Look in the data below for the line that has "Tabor Place Set", then print exactly every line from there through the line that has "LO5W241- Brass Ring", leaving pictures out.

* Records to use *
#####
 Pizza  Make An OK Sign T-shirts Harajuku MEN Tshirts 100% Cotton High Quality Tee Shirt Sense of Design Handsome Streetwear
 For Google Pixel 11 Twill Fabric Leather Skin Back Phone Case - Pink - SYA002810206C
#####
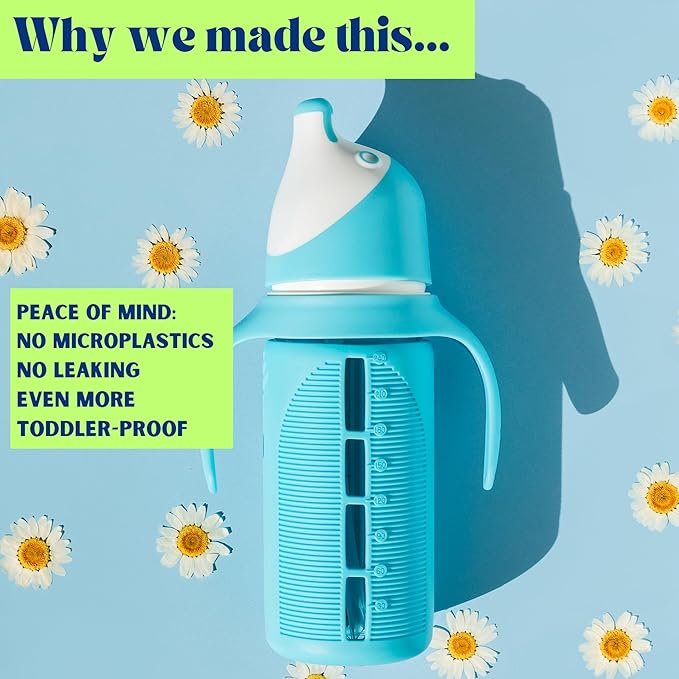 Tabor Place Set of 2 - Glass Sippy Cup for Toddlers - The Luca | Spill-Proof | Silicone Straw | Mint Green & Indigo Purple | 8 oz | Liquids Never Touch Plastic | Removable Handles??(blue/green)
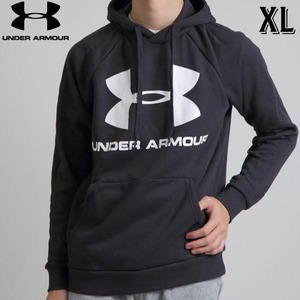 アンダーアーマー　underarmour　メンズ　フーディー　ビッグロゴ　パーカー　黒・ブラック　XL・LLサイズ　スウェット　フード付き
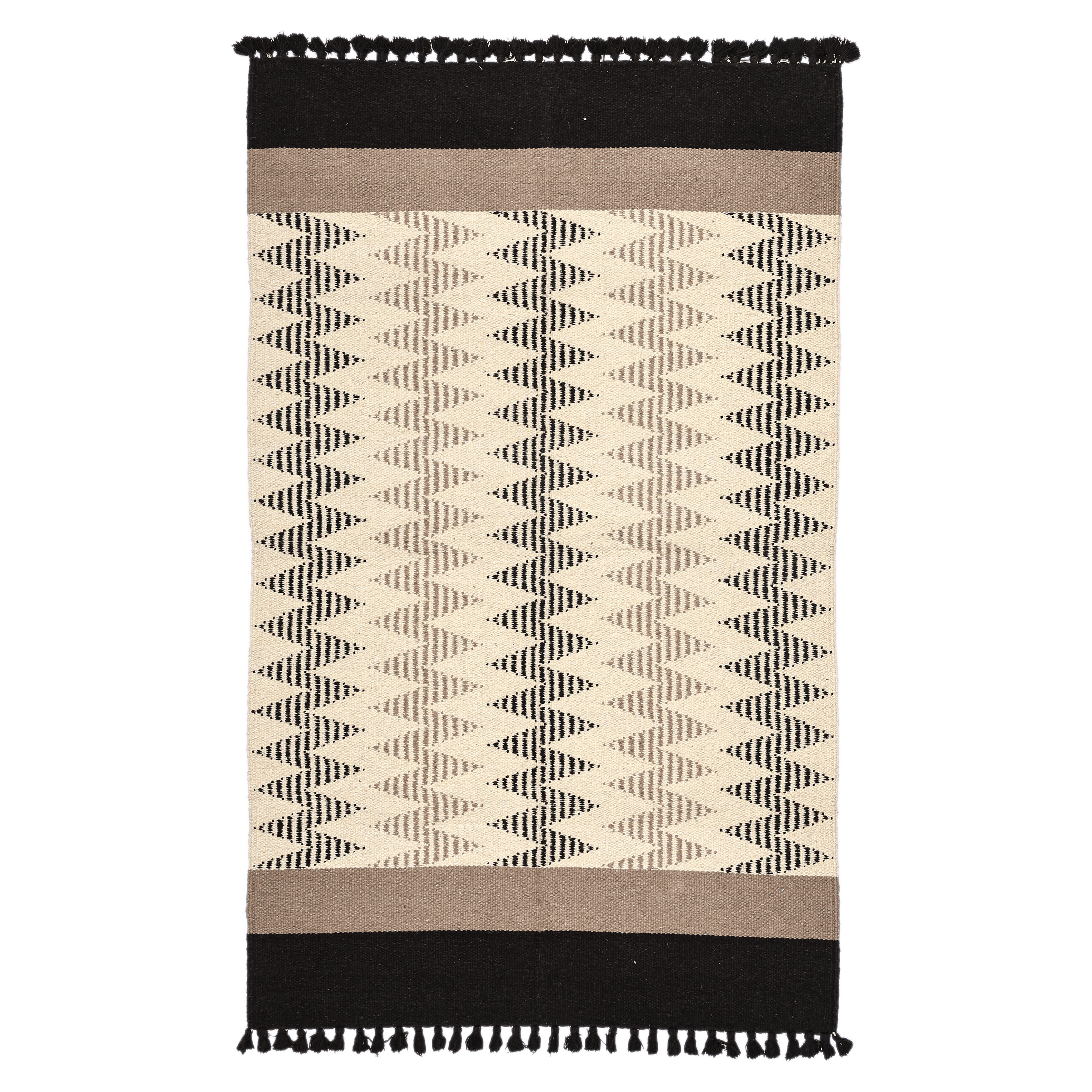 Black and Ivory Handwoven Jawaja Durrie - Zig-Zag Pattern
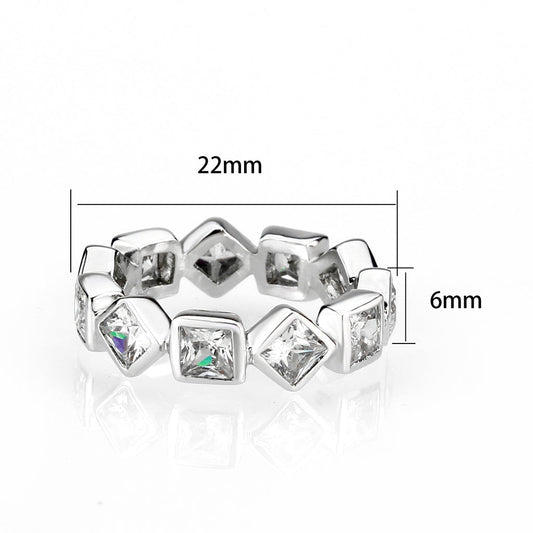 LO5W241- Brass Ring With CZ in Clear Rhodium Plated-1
#####
* Answer below *
 Tabor Place Set of 2 - Glass Sippy Cup for Toddlers - The Luca | Spill-Proof | Silicone Straw | Mint Green & Indigo Purple | 8 oz | Liquids Never Touch Plastic | Removable Handles??(blue/green)
 アンダーアーマー　underarmour　メンズ　フーディー　ビッグロゴ　パーカー　黒・ブラック　XL・LLサイズ　スウェット　フード付き
 Black and Ivory Handwoven Jawaja Durrie - Zig-Zag Pattern
 LO5W241- Brass Ring With CZ in Clear Rhodium Plated-1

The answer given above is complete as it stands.